### PROVIDED DATA
[Start of section]
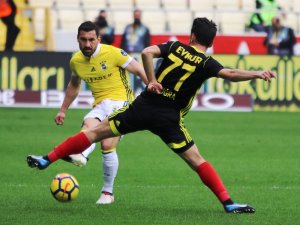 İlk Yarıda Tek Gol Vardı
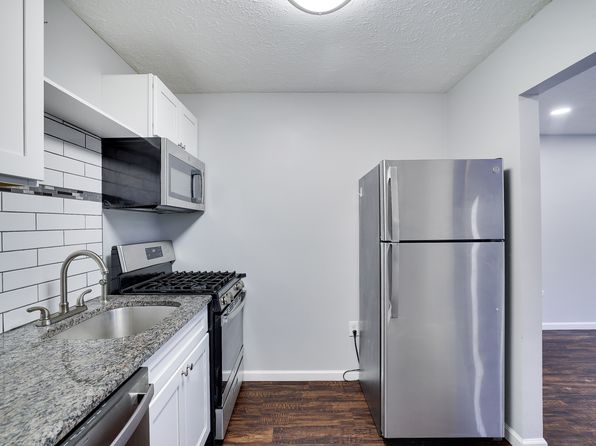 512 Church St APT 122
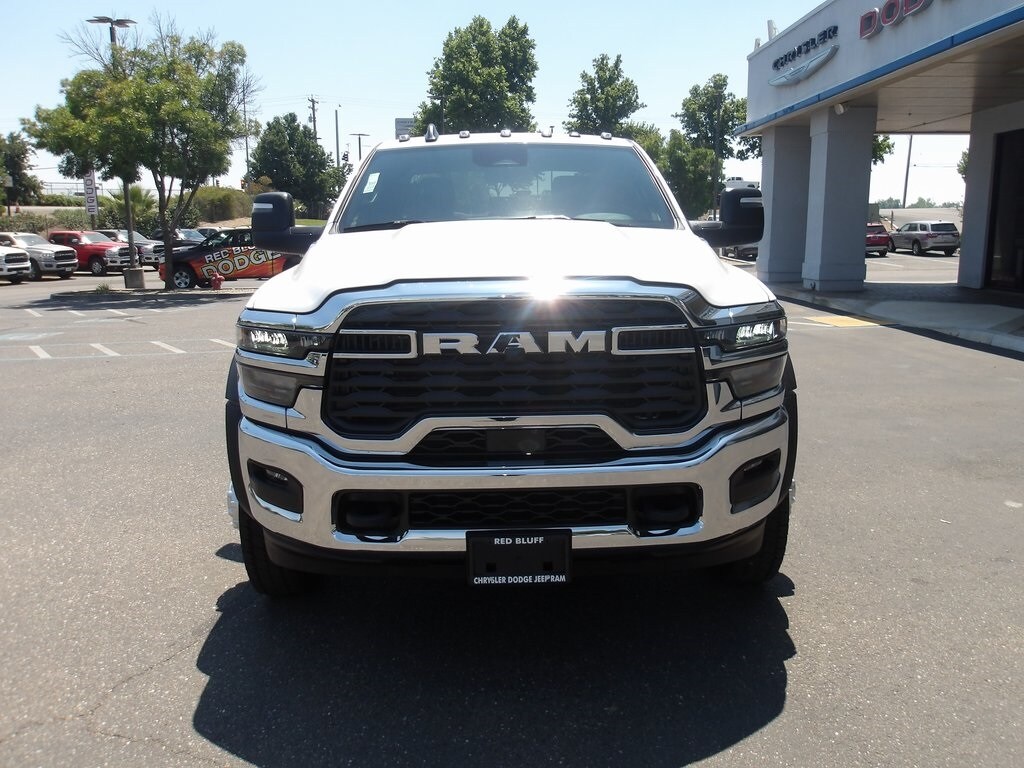 2025 Ram 5500 Tradesman photo 3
[End of section]
Return the data exactly as it stands, minus the pictures.

 İlk Yarıda Tek Gol Vardı
 512 Church St APT 122
 2025 Ram 5500 Tradesman photo 3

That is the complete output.